The previous example can be improved though. Really, we just want a Username at the end — we don’t want to have to call parseUsername on it. Fortunately, Scala rewards the lazy with implicit conversions. If you define a method like this and use the implicit keyword:

1
  implicit def string2username(input : String) : Option[Username] = parseUsername(input)

And do this:

1
  val email : Option[Username] = rawInput;

Then the compiler is smart enough to see that a String isn’t an Option[Username], and looks through any implicit methods available to do the conversion.

There is an element of ‘magic’ to implicit conversions, especially when you’re reading someone else’s code and trying to figure out where the conversion is happening. You can find the appropriate implicit through the REPL, or through IDEA.

Providing Context

There are many cases in programming where everything depends on a Context object in some way: either you’re using a database connection, or you rely on a security principal, or you’re resolving objects from a request or JAAS / LDAP / Spring context… the list goes on. Whatever it is, it’s passed in by the system, it’s absolutely essential, and you can count on most of your API to depend on it in some way. A typical Java way to deal with this is to make it part of the parameter list, or try to ignore it and make it a ThreadLocal object.

1
   public void doStuff(Context context);

Scala has a better way to deal with this: you can specify implicit parameters on a method.

1
   def doStuff(implicit context:Context)

which means that anything marked as implicit that is in scope will be applied:

1
2
   implicit val context = new Context()
   doStuff  // uses val context automatically.

This is all handled by the compiler: just set up the implicits and Scala will do the rest.

A place for everything

So now you have a number of implicit methods, value classes and type definitions and wotnot.
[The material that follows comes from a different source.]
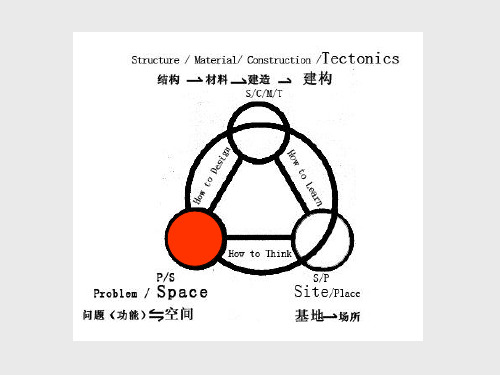 建筑比例与尺度 ppt课件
In Scala, there’s a place to keep all this stuff that is so intuitive, you may not think of it as a place at all. It’s the package object.
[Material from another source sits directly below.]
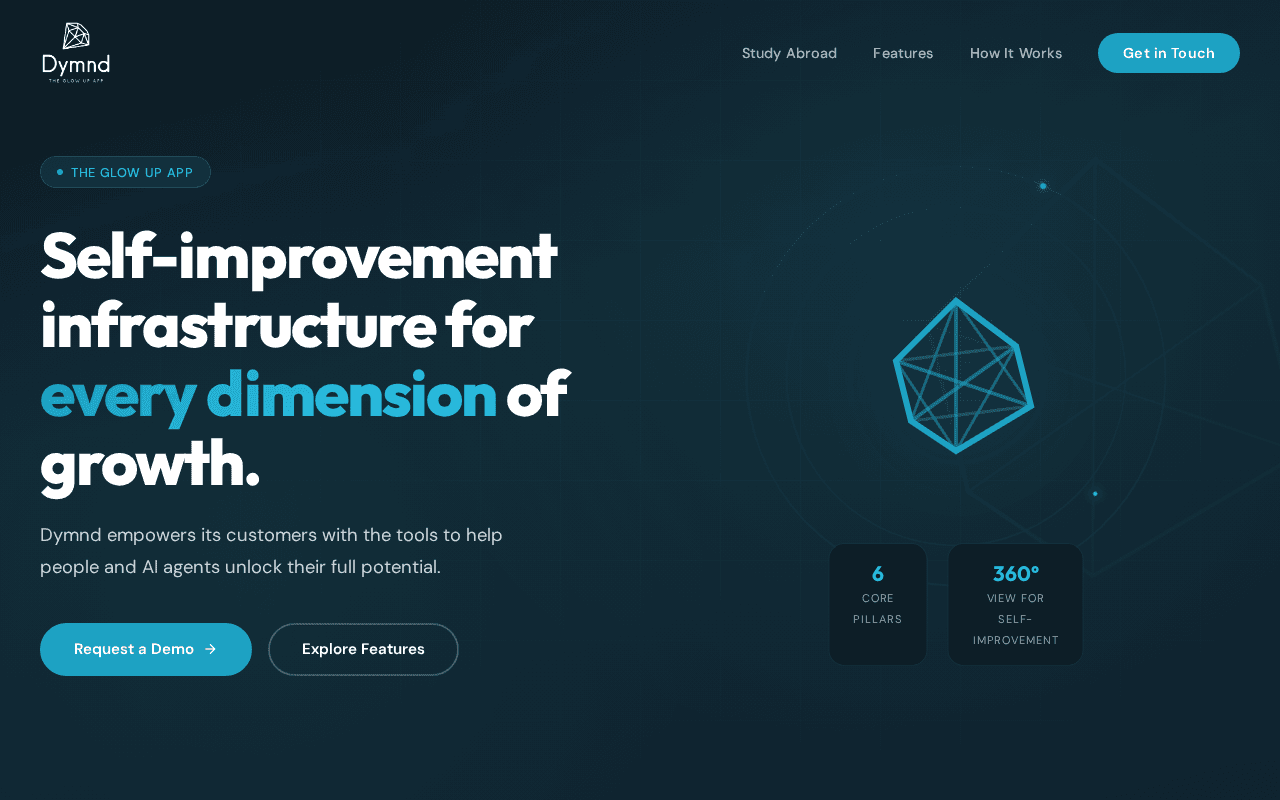 Screenshot of dymnd.ai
Package objects are supremely useful. You define a file called package.scala, then in the file you put

1
2
3
package object mypackagename {
  implicit def string2username(input : String) : Option[Username] = parseUsername(input)
}

and after that point, anything with ‘import mypackagename._’ will import the package object as well. One less thing to think about.

Free Data Transfer Objects

Case classes. So called because they’re used in case statements (see below).

1
case class Data(propertyOne:String, propertyTwo:Int)
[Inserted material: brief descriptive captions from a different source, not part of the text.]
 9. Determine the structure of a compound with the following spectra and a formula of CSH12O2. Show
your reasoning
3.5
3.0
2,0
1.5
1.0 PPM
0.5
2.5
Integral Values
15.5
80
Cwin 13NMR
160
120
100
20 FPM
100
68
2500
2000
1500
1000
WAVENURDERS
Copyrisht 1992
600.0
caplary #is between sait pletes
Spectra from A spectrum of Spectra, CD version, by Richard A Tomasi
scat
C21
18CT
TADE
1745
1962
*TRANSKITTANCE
Immutable, convenient, and packed with functionality. They make creating data types or DTOs trivial. They’re cool.

Free Range (Organic) Checking

Scala contains a powerful pattern matching feature. You can think of it as a switch statement on steroids.

1
2
3
4
a match {
   case Something => doThis
   case SomethingElse => doThat
}

There are so many things that feed into pattern matching — extractor objects, aliases, matching on types, regular expressions and wildcards — it’s the ‘regexp’ of Scala. It takes in an object as input, filters it, and manipulates it in exactly the way you want.

But the thing I really like about pattern matching is what it doesn’t let you do. It doesn’t let you miss something.

There’s a feature called sealed classes which lets you define all the valid types in a file. If you define a trait with the sealed keyword inside a file, then any classes you define inside that file that extend that trait are the ONLY classes that will extend that trait.

1
2
3
sealed trait Message { def msg: String }
case class Success(msg:String) extends Message
case class Failure(msg:String) extends Message

The compiler knows this, and so when you write use pattern matching against that trait, it knows that it must be one of the case classes defined. If not all of the case classes are defined in the match, it will print out a warning method saying that you don’t have an exhaustive match.

1
2
3
4
def log(msg: Message) = msg match {
  case Success(str) => println("Success: " + str)
  case Failure(str) => println("Failure: " + str)
}

And More

But that’s enough for now. I hope this gives you an idea of why I like Scala. If you have any features dear to your heart, add them to the comments and let me know what makes you happy.